» Problem requirements: An unchanged copy of all the lines below is expected, and it should contain no pictures.

» Supplied data:
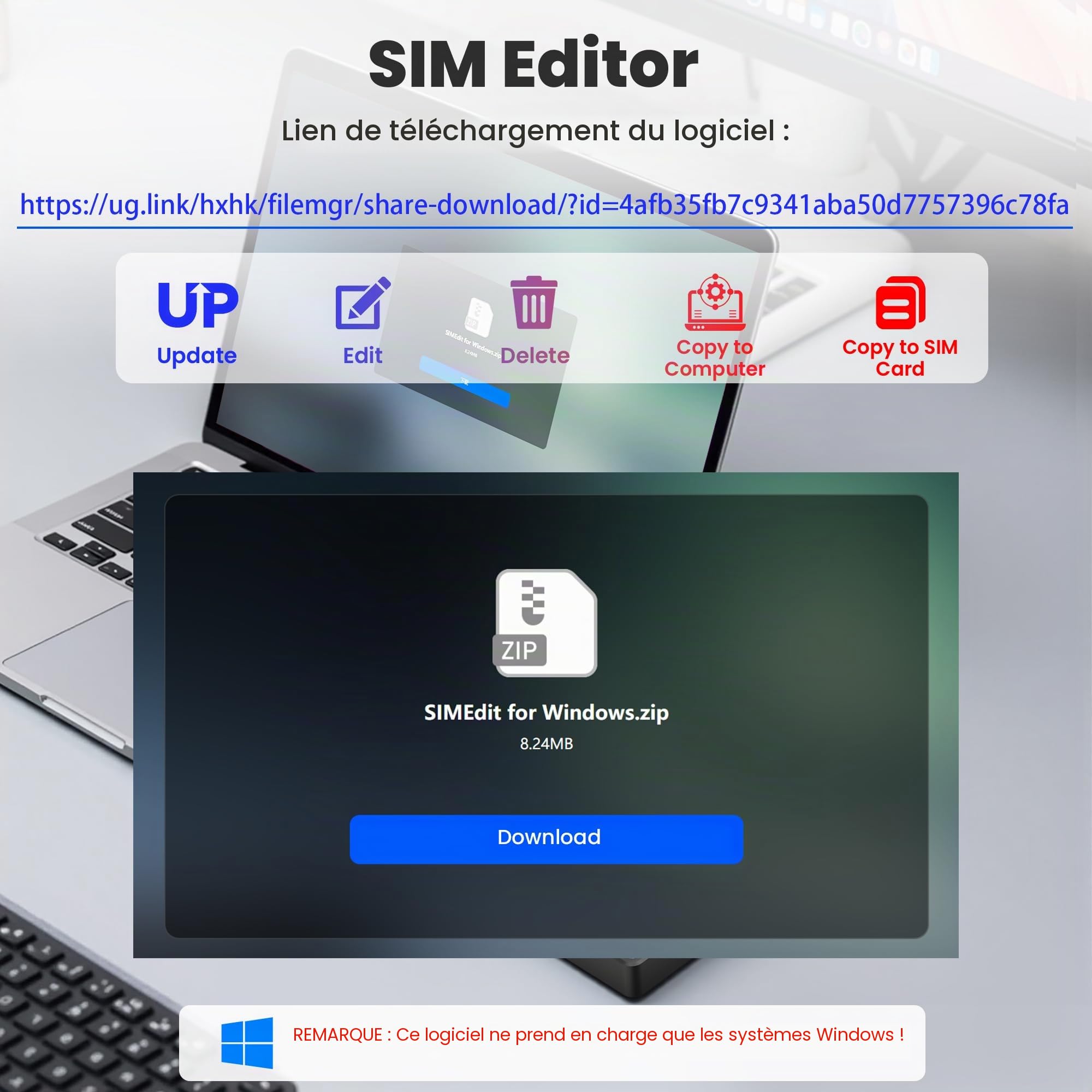 7en2 Lecteur Carte Identité Belge Compatible MicroSD, SD, MMC, SIM, M2, Memory Stick Pro Duo Pour Signature Électronique, DNI, Carte de Santé, eID Belgique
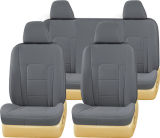 Golden Edge Cloth Auto Seat Covers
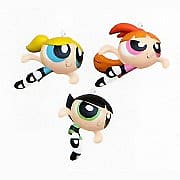 2024 Blosson, Bubbles and Buttercup, The Powerpuff Girls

» Problem solution:
 7en2 Lecteur Carte Identité Belge Compatible MicroSD, SD, MMC, SIM, M2, Memory Stick Pro Duo Pour Signature Électronique, DNI, Carte de Santé, eID Belgique
 Golden Edge Cloth Auto Seat Covers
 2024 Blosson, Bubbles and Buttercup, The Powerpuff Girls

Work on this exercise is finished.